Exercise goal - Your output should be the lines below from the one holding "駐馬店廣播電視臺老樂山發(fā)射中心臺史館成為黨建交流基地" through the one holding "500平米大的展台，藏着哪些健康宝藏？｜进博寻宝记", transcribed exactly, with no pictures.

Exercise data -
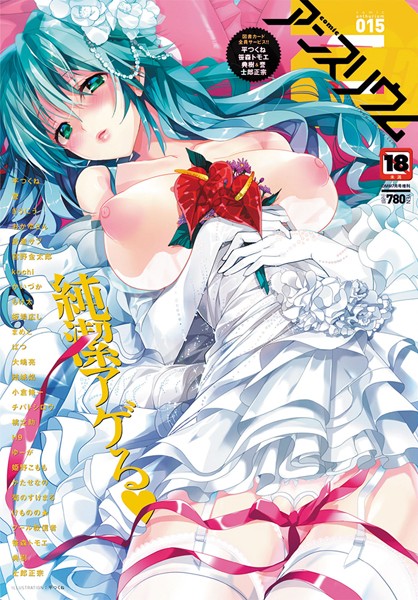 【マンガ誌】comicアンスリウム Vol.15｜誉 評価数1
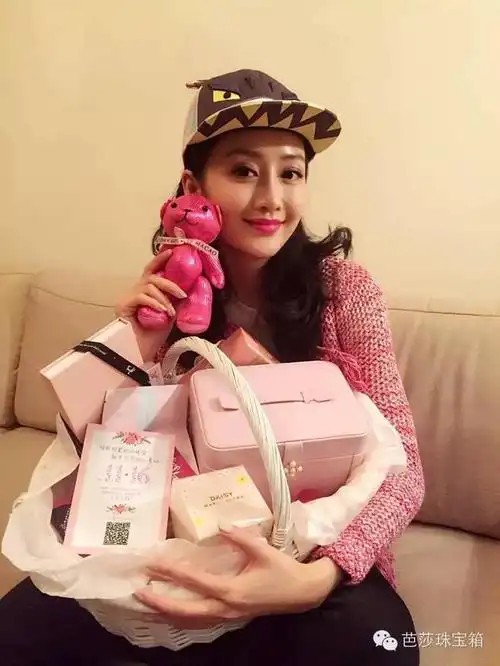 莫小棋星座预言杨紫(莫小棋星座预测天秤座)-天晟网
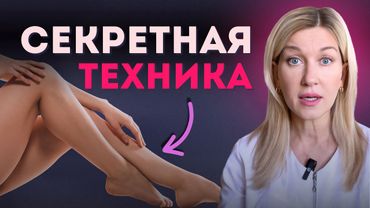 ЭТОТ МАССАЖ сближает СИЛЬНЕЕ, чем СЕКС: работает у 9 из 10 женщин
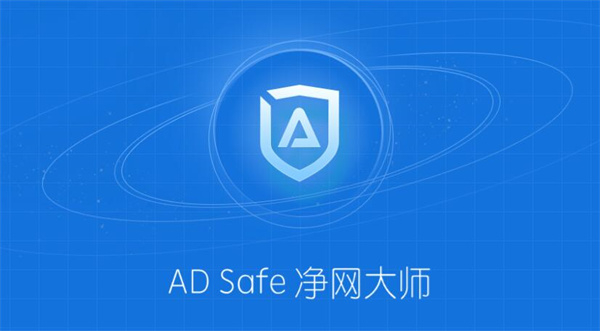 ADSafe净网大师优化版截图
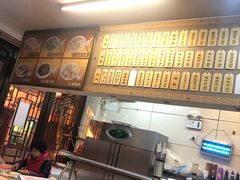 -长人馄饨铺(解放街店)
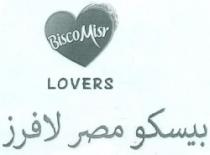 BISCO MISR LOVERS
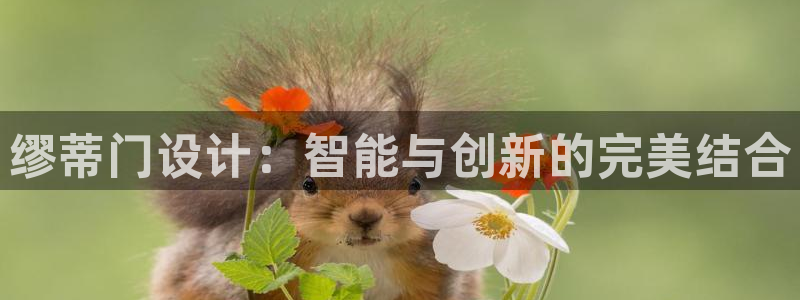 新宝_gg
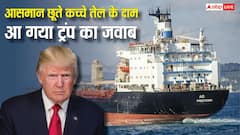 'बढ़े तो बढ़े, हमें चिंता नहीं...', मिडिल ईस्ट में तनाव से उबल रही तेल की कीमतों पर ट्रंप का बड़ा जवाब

* * *

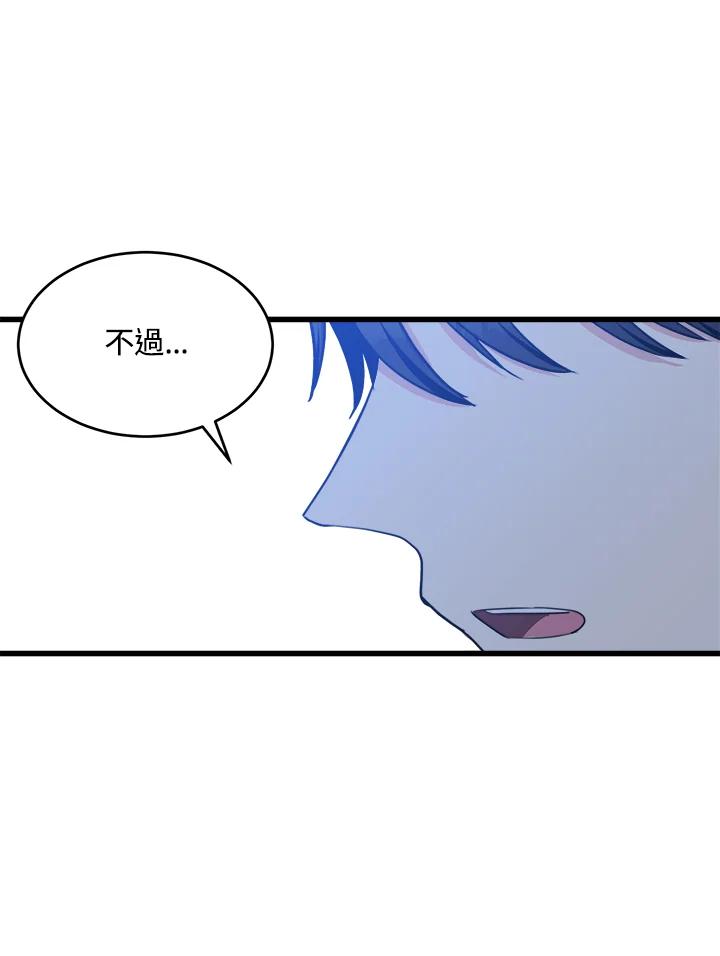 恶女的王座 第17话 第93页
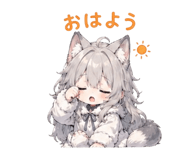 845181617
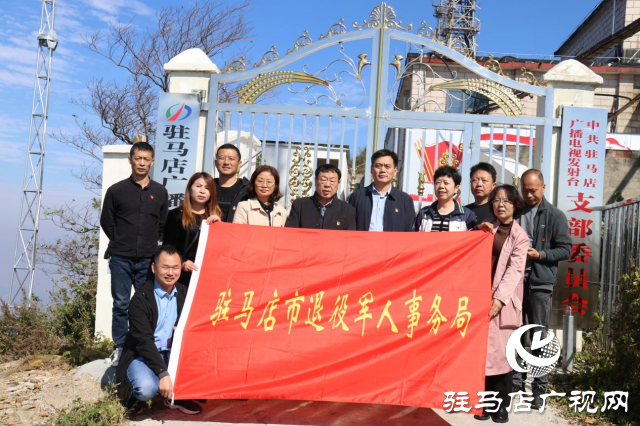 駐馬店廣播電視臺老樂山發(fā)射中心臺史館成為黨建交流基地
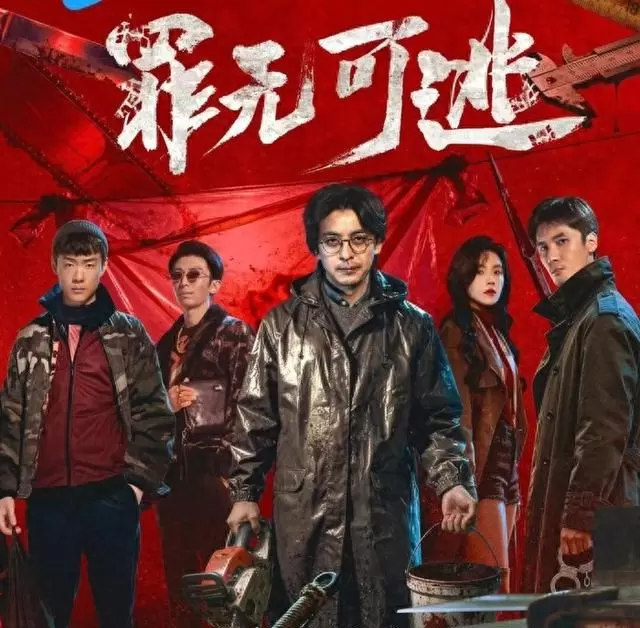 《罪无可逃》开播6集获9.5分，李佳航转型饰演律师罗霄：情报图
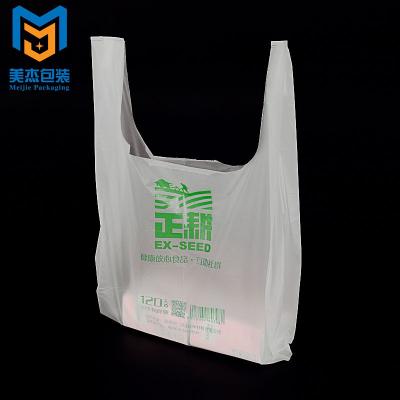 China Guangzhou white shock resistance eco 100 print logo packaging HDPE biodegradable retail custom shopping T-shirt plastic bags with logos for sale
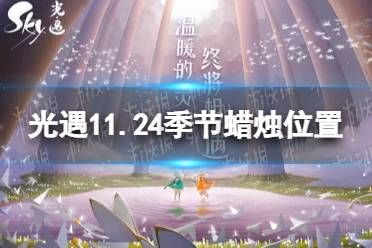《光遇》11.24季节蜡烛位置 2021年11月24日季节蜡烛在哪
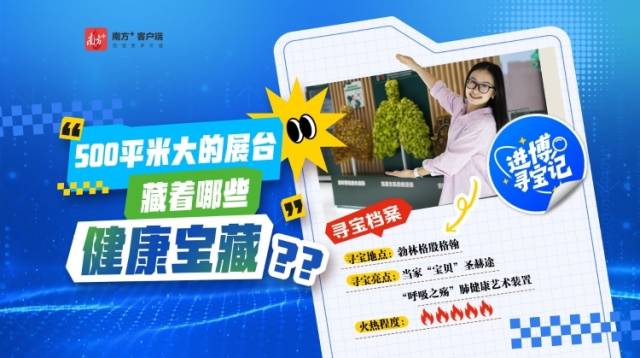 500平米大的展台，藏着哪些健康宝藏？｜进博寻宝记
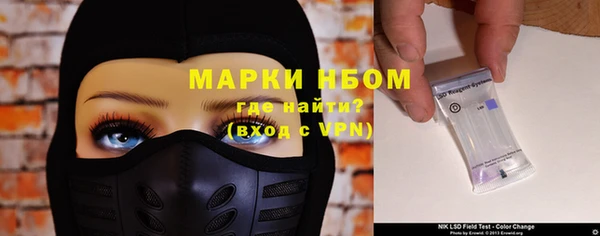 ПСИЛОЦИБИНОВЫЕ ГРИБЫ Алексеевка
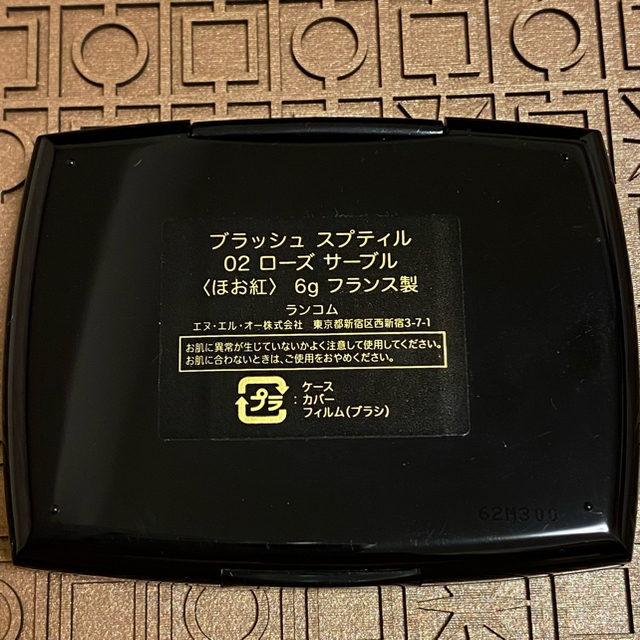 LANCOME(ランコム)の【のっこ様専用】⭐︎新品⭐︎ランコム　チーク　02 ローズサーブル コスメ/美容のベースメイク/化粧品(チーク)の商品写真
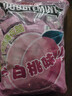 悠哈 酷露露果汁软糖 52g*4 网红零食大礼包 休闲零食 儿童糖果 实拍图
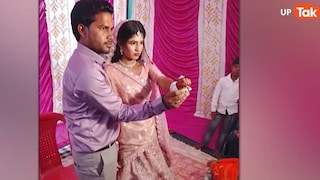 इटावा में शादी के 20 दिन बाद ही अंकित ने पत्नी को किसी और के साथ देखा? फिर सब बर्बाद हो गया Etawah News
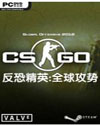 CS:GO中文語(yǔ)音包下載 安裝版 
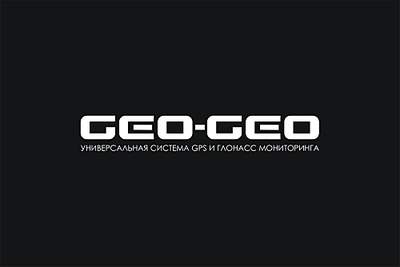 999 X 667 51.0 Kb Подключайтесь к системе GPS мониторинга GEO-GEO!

Result below -
 駐馬店廣播電視臺老樂山發(fā)射中心臺史館成為黨建交流基地
 《罪无可逃》开播6集获9.5分，李佳航转型饰演律师罗霄：情报图
 China Guangzhou white shock resistance eco 100 print logo packaging HDPE biodegradable retail custom shopping T-shirt plastic bags with logos for sale
《光遇》11.24季节蜡烛位置 2021年11月24日季节蜡烛在哪
 500平米大的展台，藏着哪些健康宝藏？｜进博寻宝记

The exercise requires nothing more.